• Exercise:
Using the listing below, please print exactly the lines from the one with "Summer Family Matching" through the one with "Salvatore Ferragamo Gancini". Leave out every picture.

• Input for this task:
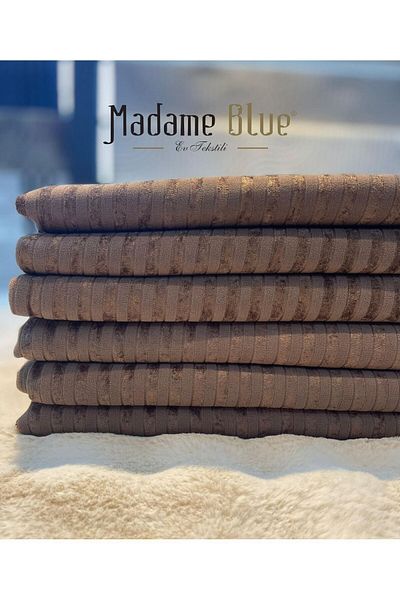 Madame Blue غطاء أريكة سرير مخملي مخطط من الخيزران 170x210 سم 12 لونًا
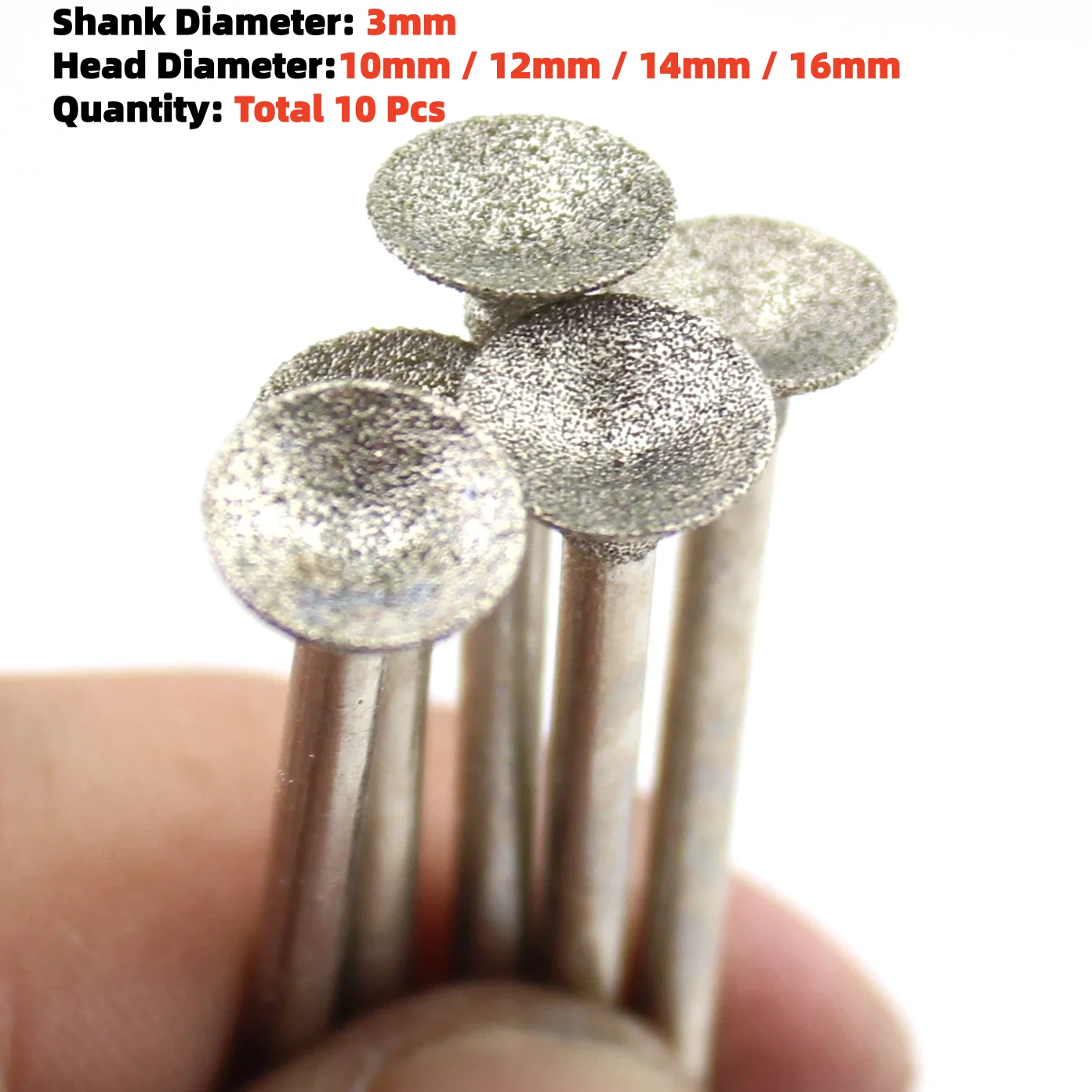 10Pcs Diamond Grinding Burr Bits Spherical Concave 10-16mm Lapidary Burr Set for Jewelry Glass Stone Carving 3mm Shank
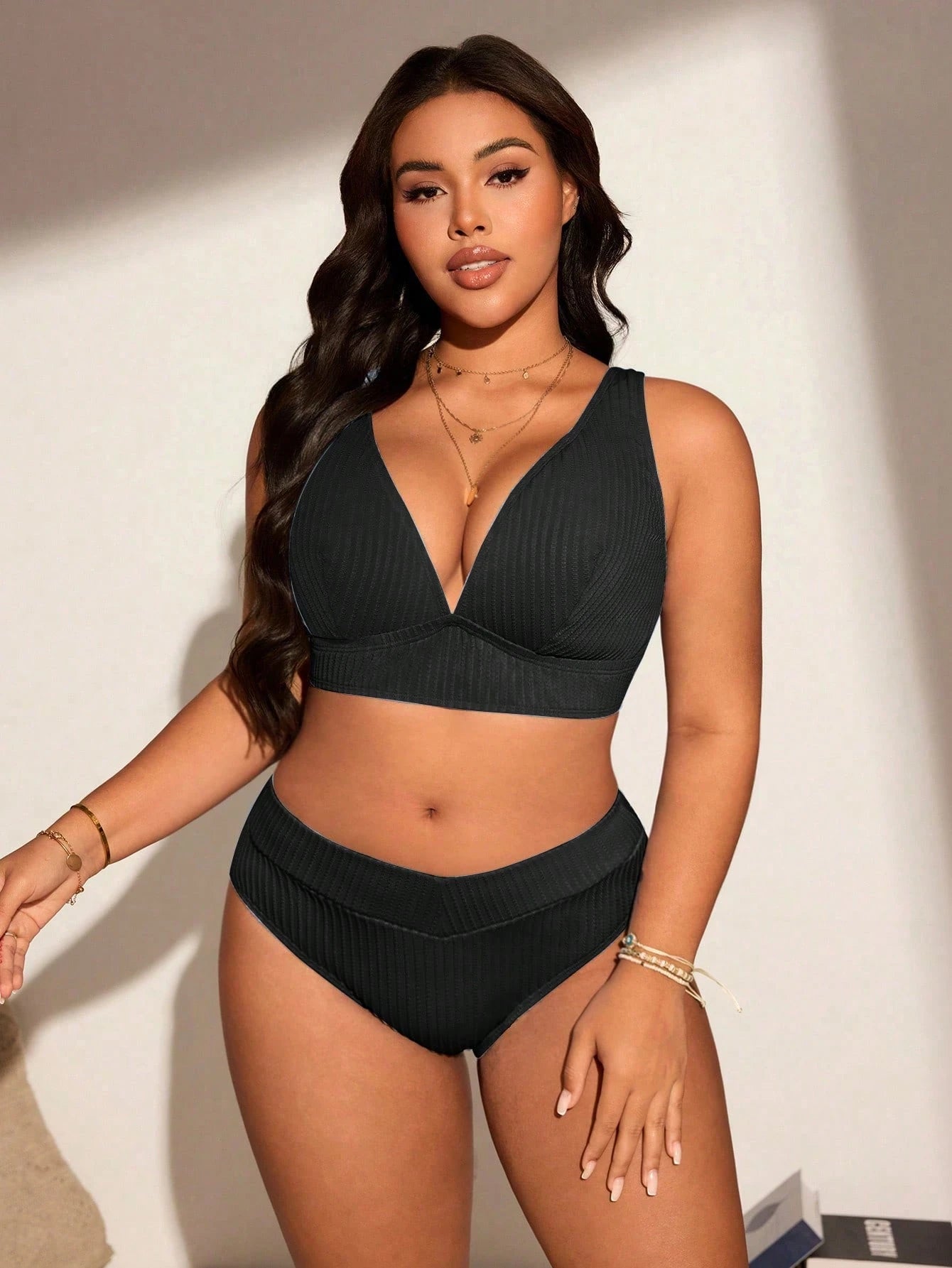 Swim Lushoire Plus Size Simple Solid Color Textured Fabric Beach & Swimwear Set For Summer Beach Vacation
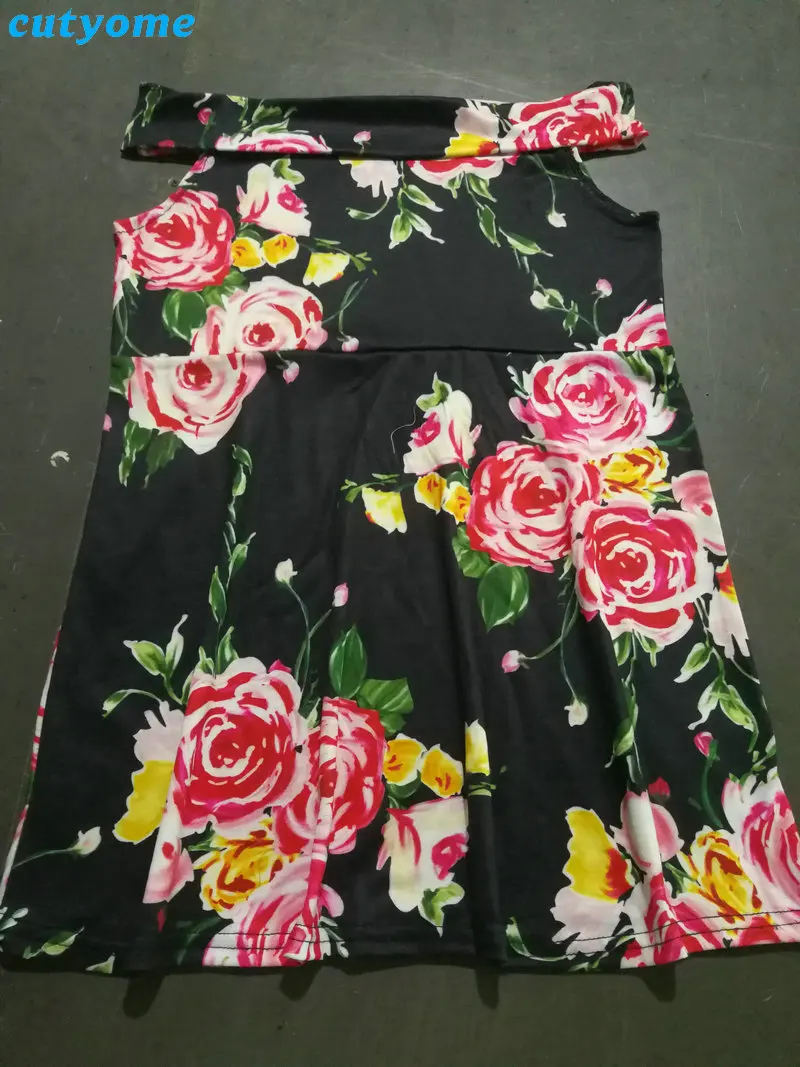 Summer Family Matching Outfits Mother and Daughter Dresses Floral Shoulder Off Dress Kids Mom Daughter Dress Matching Clothes (39)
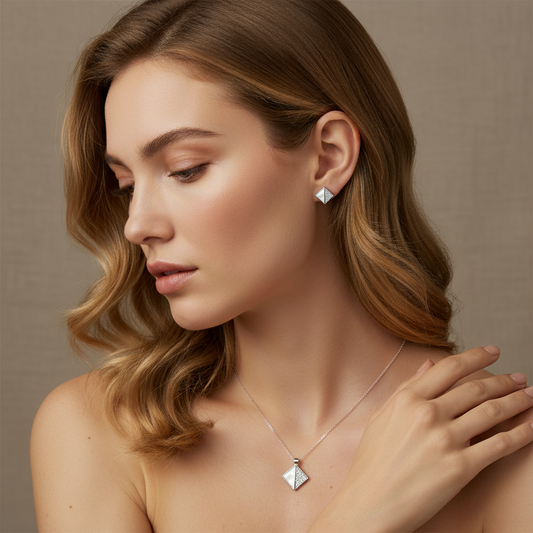 Modern Shell & Pavé Sterling Set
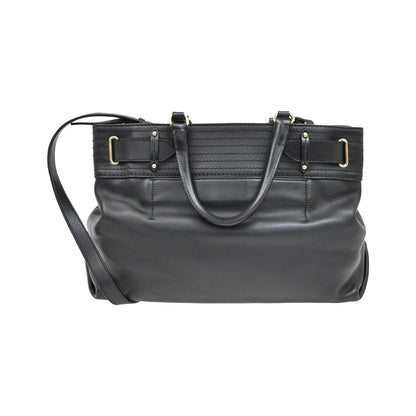 Salvatore Ferragamo Gancini Tote Leather, Black, Leather, Tote Bag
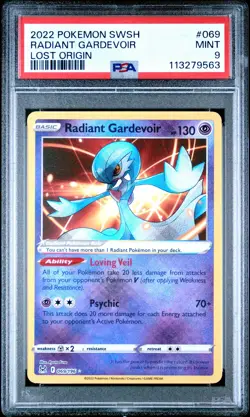 2022 POKEMON SWORD & SHIELD LOST ORIGIN #069 RADIANT GARDEVOIR PSA 9 - Image 1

• Task result:
 Summer Family Matching Outfits Mother and Daughter Dresses Floral Shoulder Off Dress Kids Mom Daughter Dress Matching Clothes (39)
 Modern Shell & Pavé Sterling Set
 Salvatore Ferragamo Gancini Tote Leather, Black, Leather, Tote Bag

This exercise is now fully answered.